● Action item
What is the number of lines below that contain the string "https"? Give it and nothing else.

● Source data

# # #

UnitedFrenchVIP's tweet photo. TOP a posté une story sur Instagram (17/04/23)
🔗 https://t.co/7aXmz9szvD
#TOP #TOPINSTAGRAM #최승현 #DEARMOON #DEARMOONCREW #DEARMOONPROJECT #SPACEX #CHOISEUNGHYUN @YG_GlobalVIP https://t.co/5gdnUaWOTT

# # #

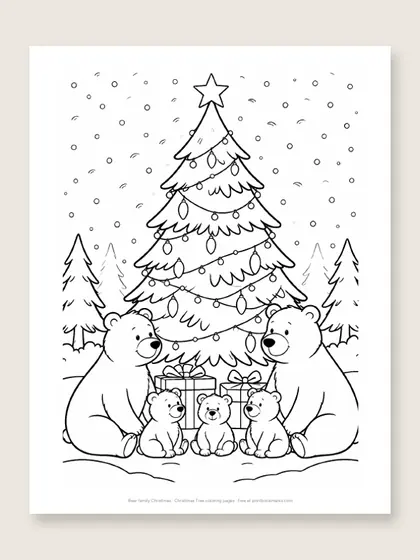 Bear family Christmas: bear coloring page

# # #

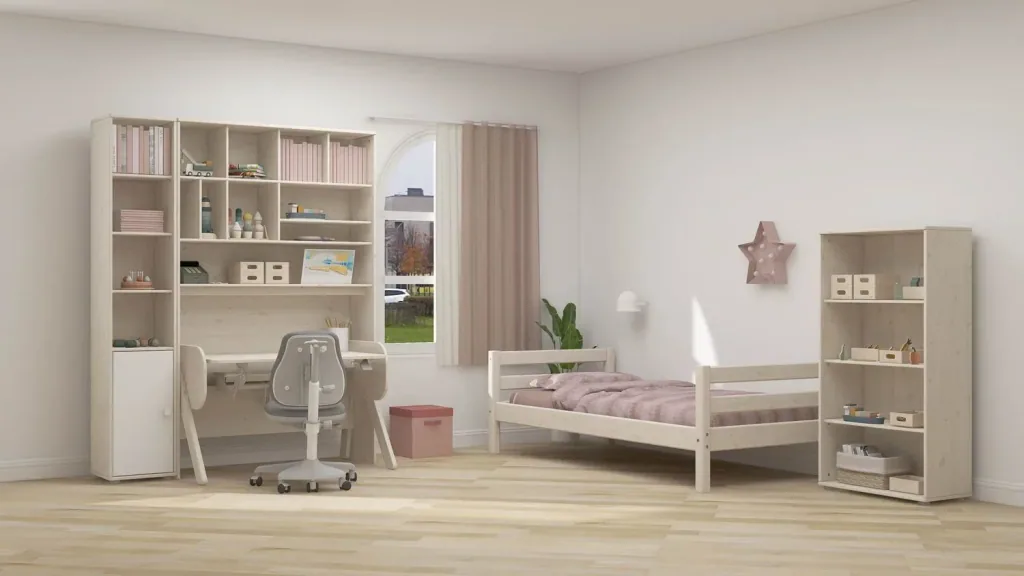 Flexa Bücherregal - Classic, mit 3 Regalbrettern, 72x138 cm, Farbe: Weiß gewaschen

# # #

● Exercise response
2